Why does training loss keep falling while validation loss rises?
This divergence is the signature of overfitting: the model has enough capacity to memorise training-set specifics — noise, label errors, dataset-specific patterns — that do not generalise. Training loss measures fit to what has already been seen; validation loss measures generalisation to held-out data. As the model memorises rather than learns structure, it scores better on training data and worse on everything else.
How to think about it
Training loss and validation loss start together, then diverge. Understanding exactly why — and what to do — is a core practical skill.
The mechanism
A neural network with enough parameters can fit any finite training set perfectly. Once it has learned the true underlying patterns, continued training starts fitting residual noise: random label variation, measurement error, and distributional quirks unique to the training split. These features do not appear in the validation set, so validation loss climbs even as training loss falls.

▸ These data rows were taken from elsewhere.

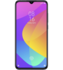 Xiaomi Mi 9 Lite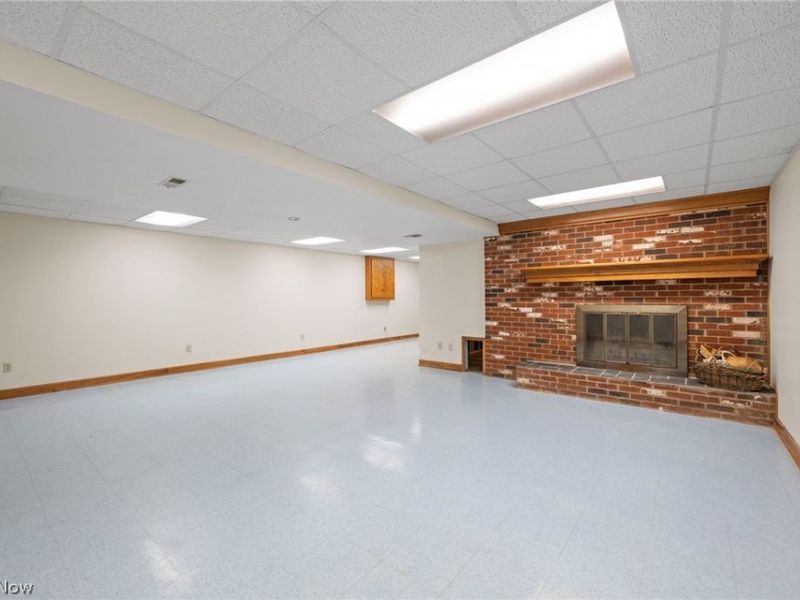 12435 Pearl Road, Chardon, OH 44024 Photo 30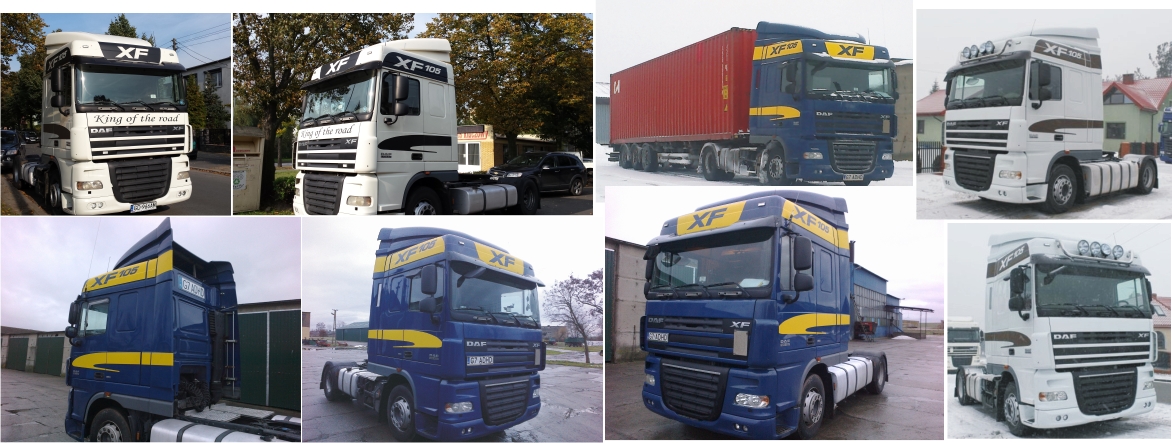 49bb93f44e7da8f755ad1db9686b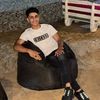 mohamed.moktar71
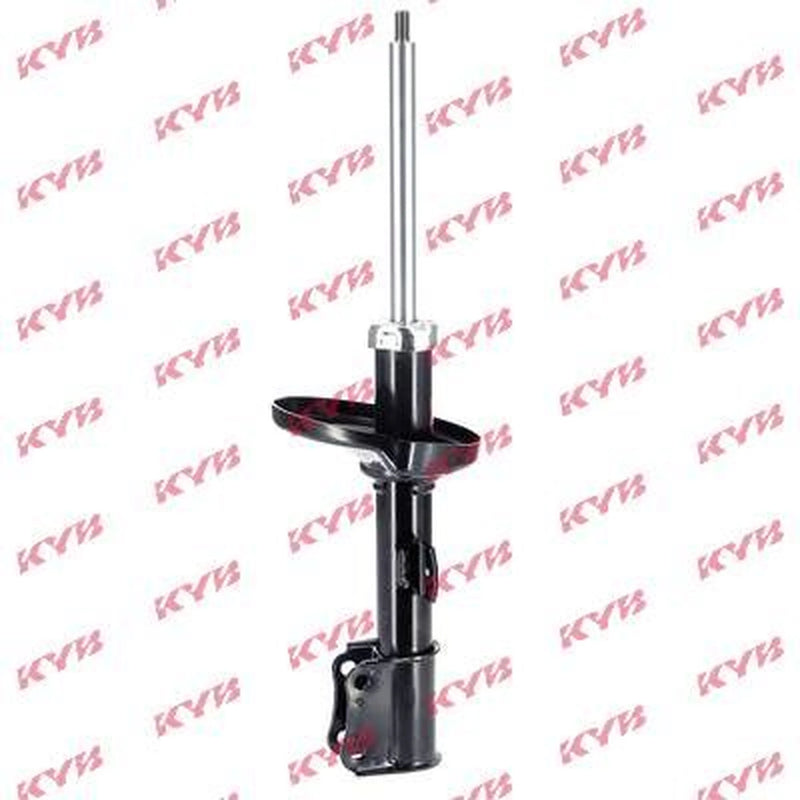 KYB 2 x Shock Absorbers fits Suzuki Liana 2001-2007 1.3 1.4 1.6
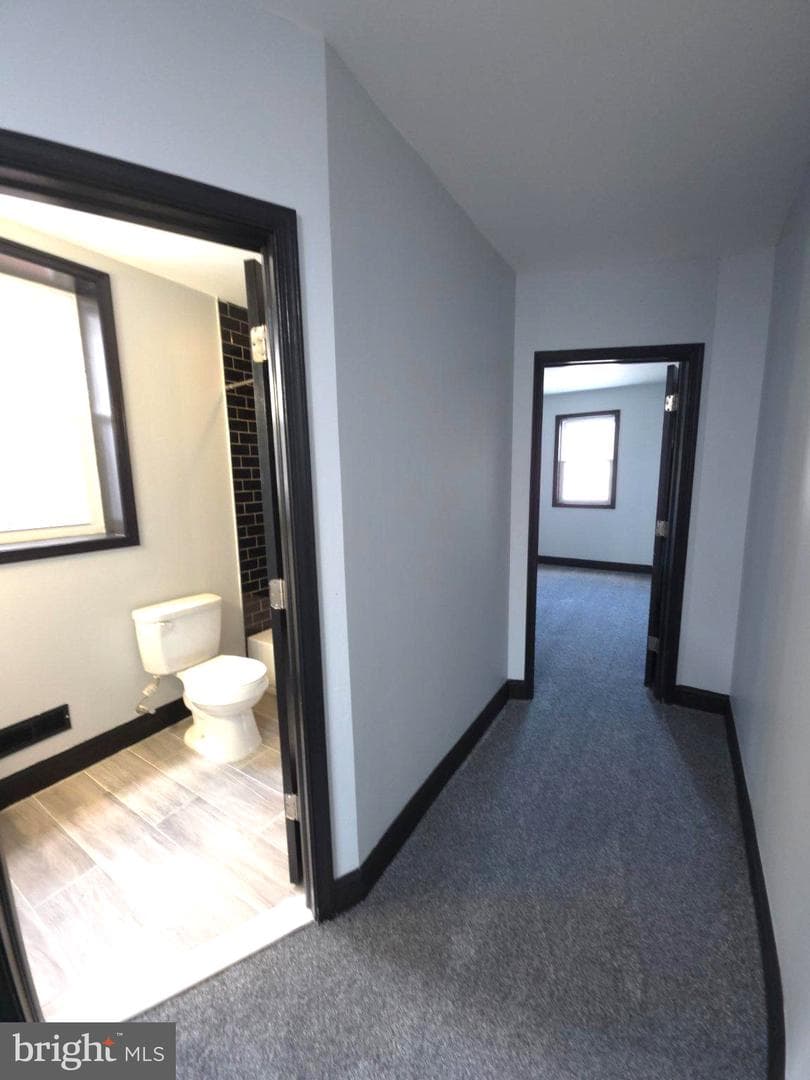 4668 James Street photo 13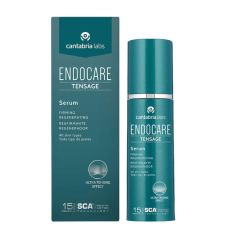 Endocare Tensage serum 30 ml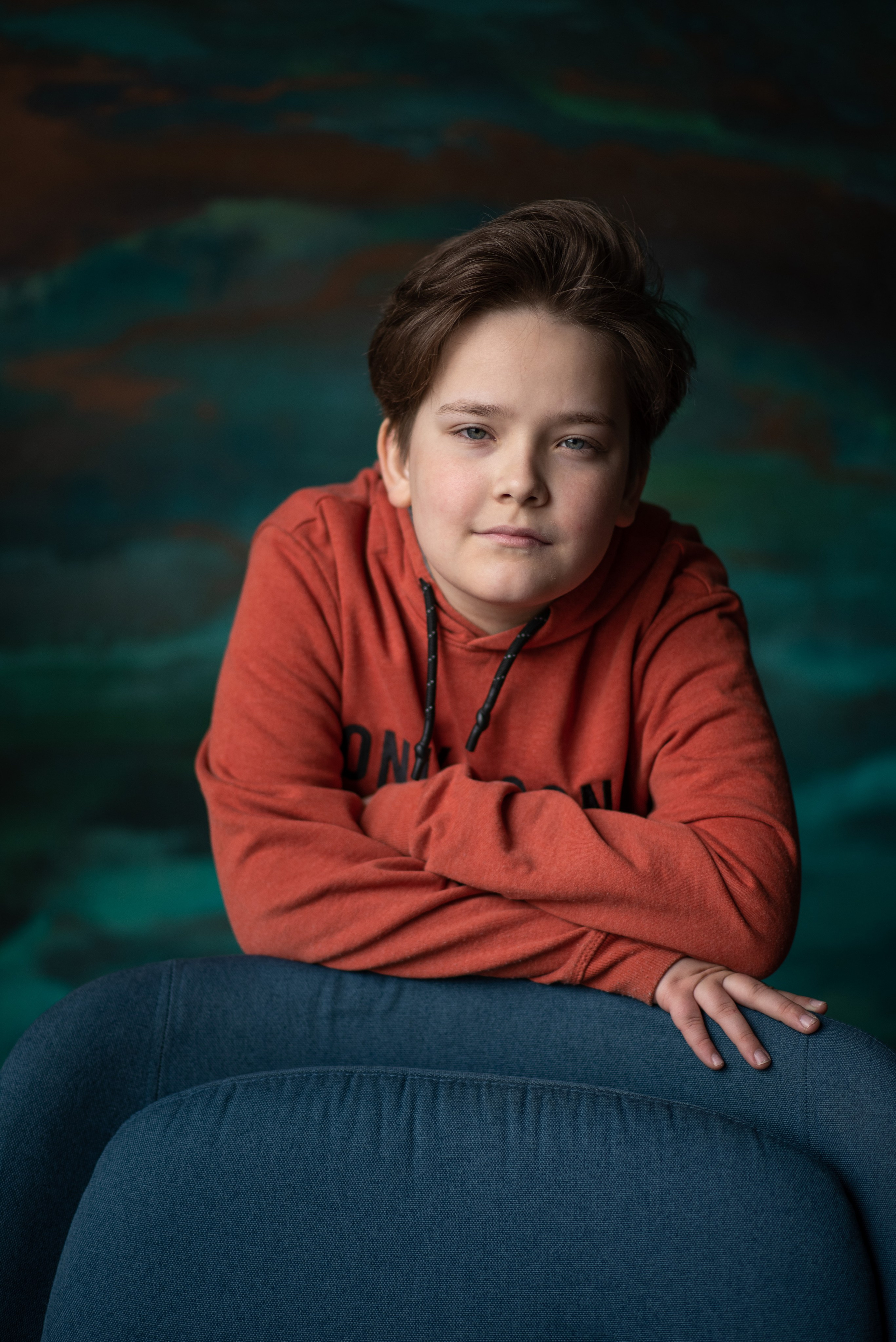 Фотограф Школа и Детский сад в Москве, Люберцах, Жулебино. Фотограф в Москве и Люберцах, Валя Шикулина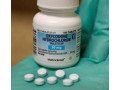 order-oxycodone-30mg-online-at-discounted-price-small-0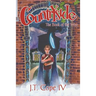Countryside: The Book of the Wise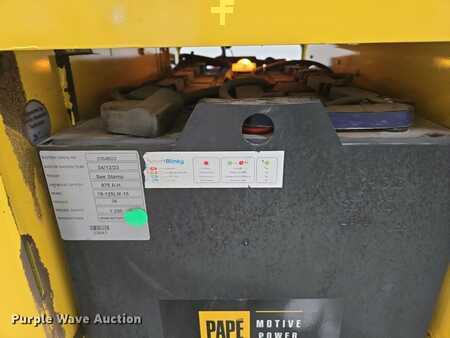 4 Wheels 2023  Hyster E35HSD3-18 (34)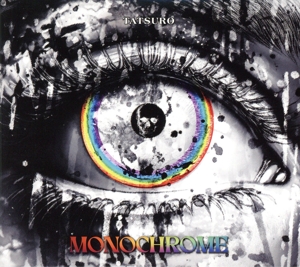 MONOCHROME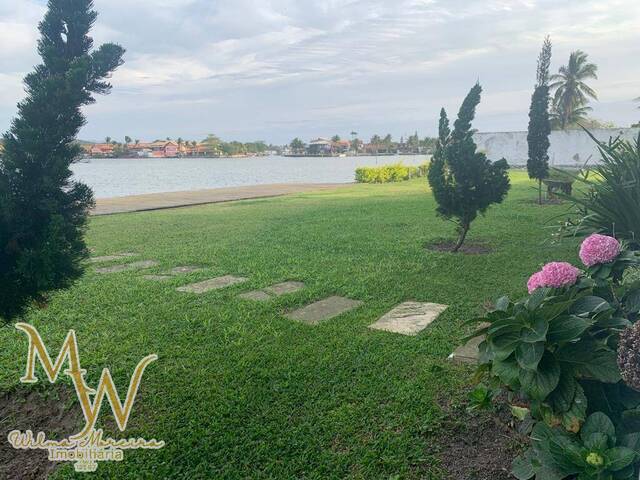 #253 - Casa para Venda em Cabo Frio - RJ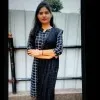 Ragini Kumari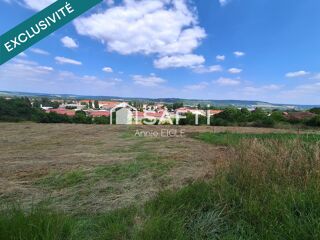  Terrain  vendre 5040 m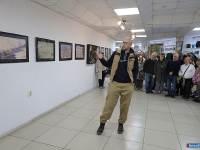 ��������� �������� "���� ��������" ��������� � ������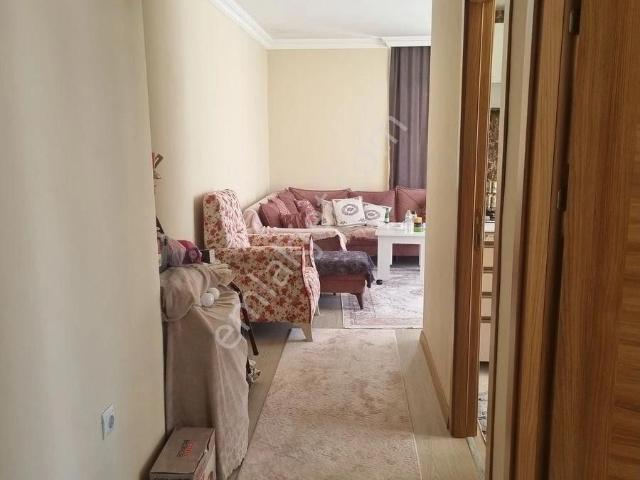 Cadde Emlaktan Beşbinevler Bulak Yolunda Satılık 2+1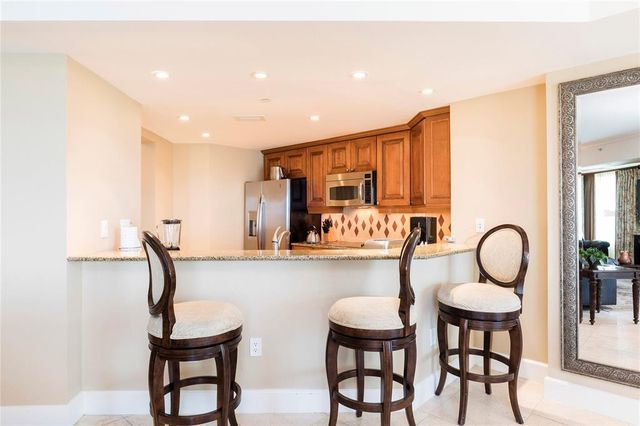 7593 GATHERING DRIVE 509, Reunion, FL 34747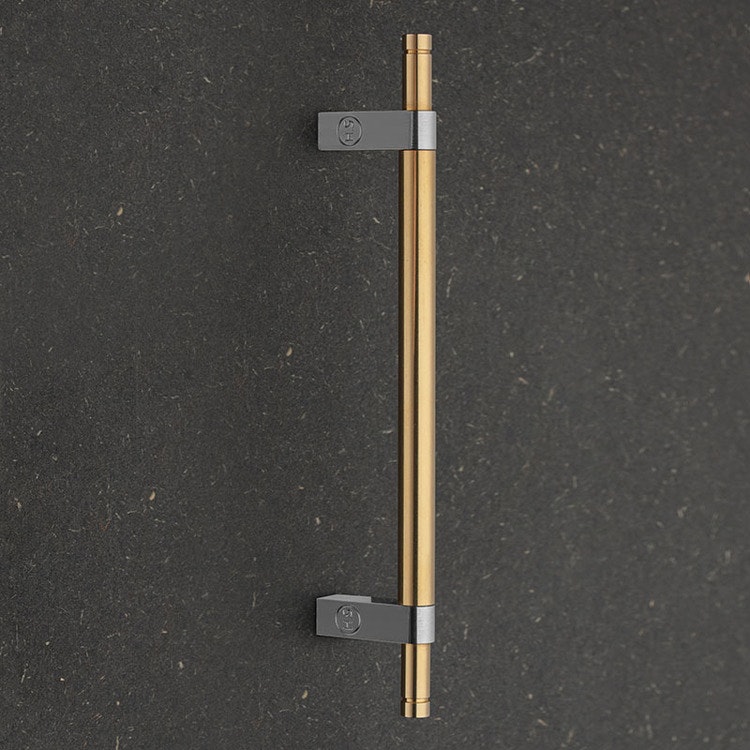 SLENDER BAR Mix - Plain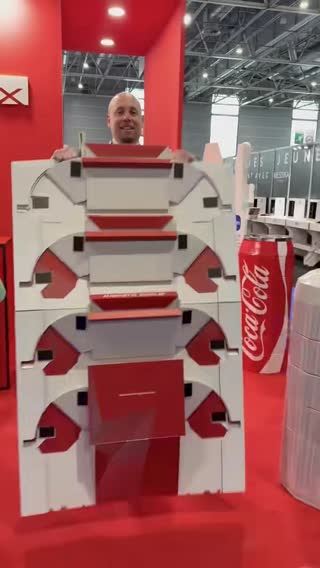 🇬🇧 The SHOP! AWARDS PARIS 2025  has concluded with great satisfaction...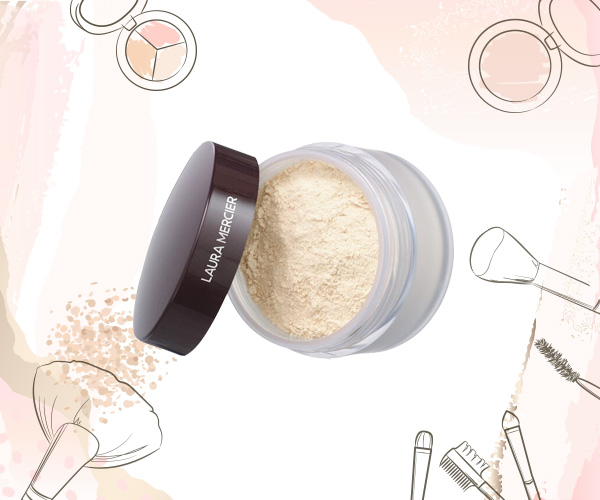 แต่งหน้า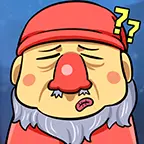 玩梗大聪明ICON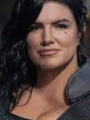 Kalina Kass(Bortxa)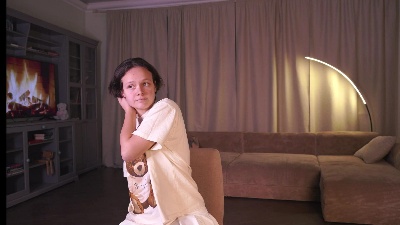 YunPlacido's Profile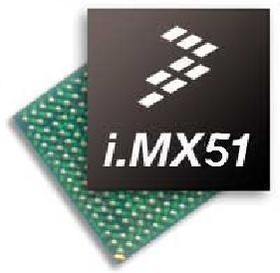 mcimx515djm8cmicroprocessors-mpu.jpg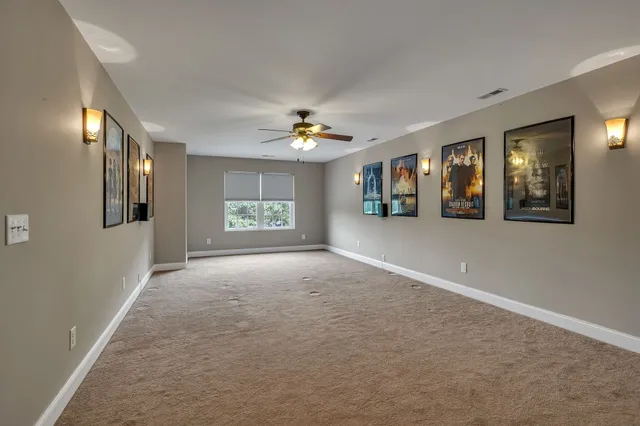 $1,110,000 | 790 Blooming Grove Road, Pulaski, TN 38478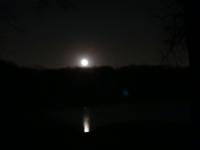 Chicago Ghost Hunters Group investigates the Ghost Lights at Maple Lake (4).JPG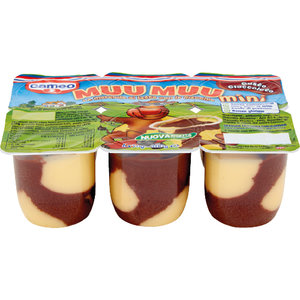 www.conad.it
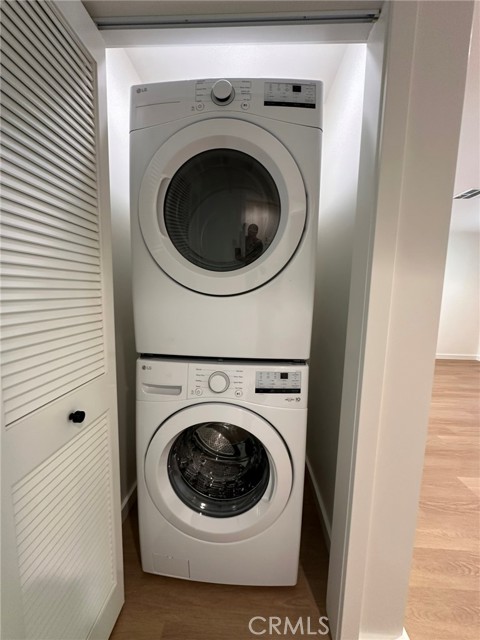 901 N Orchard DR Unit: 201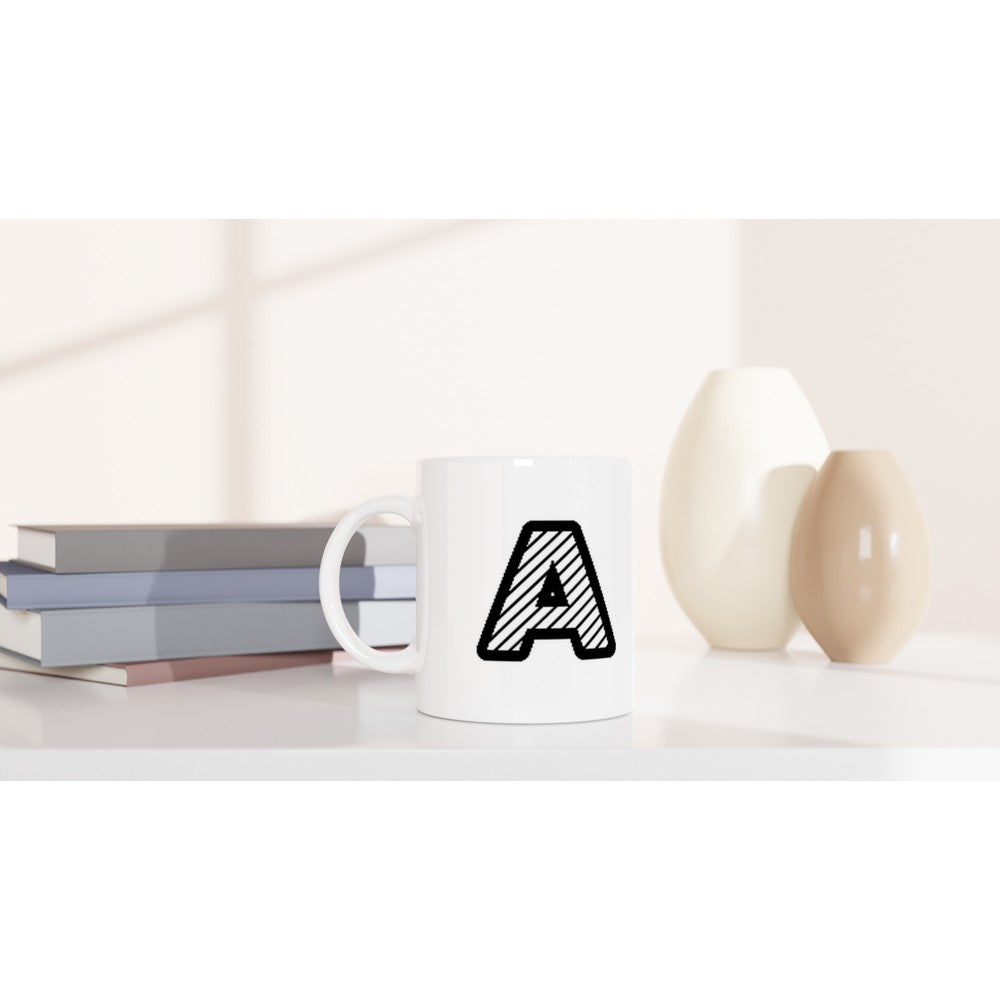 1a6bc896-9cf2-45f6-8d70-cb7cfda6368f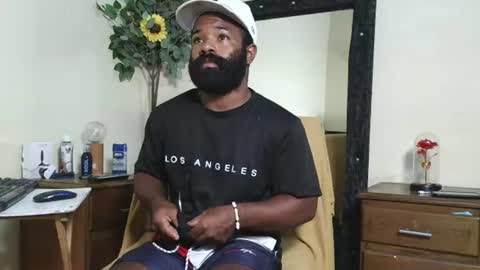 kevin hart online show from 07.16.26
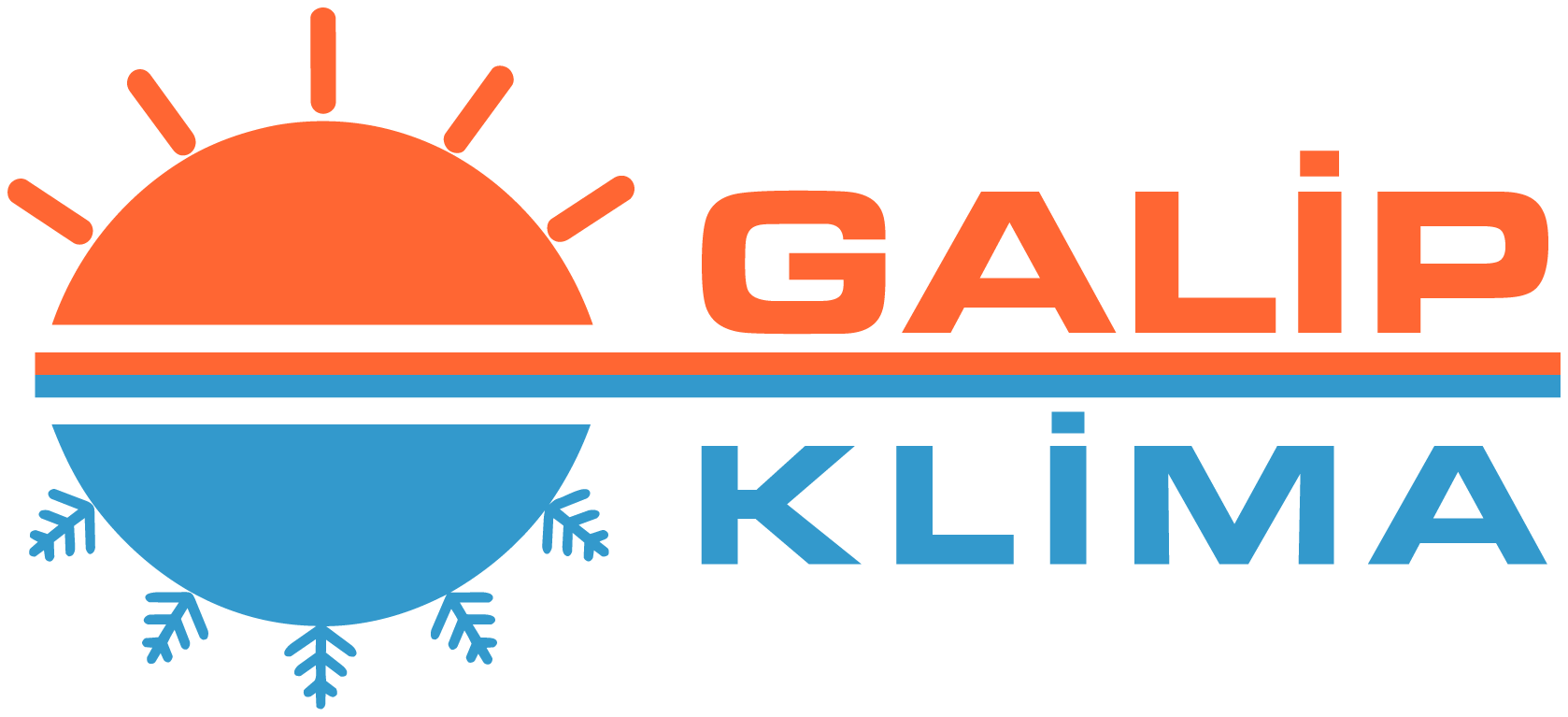 Galip Klima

The gap between the two curves is a direct measure of variance — the model’s sensitivity to which specific samples it happened to train on.
Diagnostic questions
Is it definitely overfitting? Check whether training accuracy is near 100% while validation accuracy is much lower. If training accuracy is also low, the problem is underfitting (high bias), not overfitting.
How fast is the gap growing? A slowly widening gap is normal early in training. A suddenly steepening validation curve suggests the model has exhausted generalisable signal and is now memorising.
Fixes ranked by ease
| Fix | Mechanism |
|---|---|
| Early stopping | Stop before memorisation takes over |
| Dropout | Stochastic deactivation prevents co-adaptation |
| Weight decay (L2) | Penalises large, specialised weights |
| Data augmentation | Expands effective training set size |
| More training data | Reduces variance directly |
| Simpler model | Reduces capacity available for memorisation |
| Label smoothing | Prevents confident assignment to noisy labels |
# Label smoothing in PyTorch — softens the target distribution
loss_fn = torch.nn.CrossEntropyLoss(label_smoothing=0.1)
When a gap is acceptable
Some gap is always expected — training and validation distributions are never identical. The question is whether the gap is large enough to matter for the deployment use case. For production models, track the gap across training runs and set a threshold beyond which you apply stronger regularisation.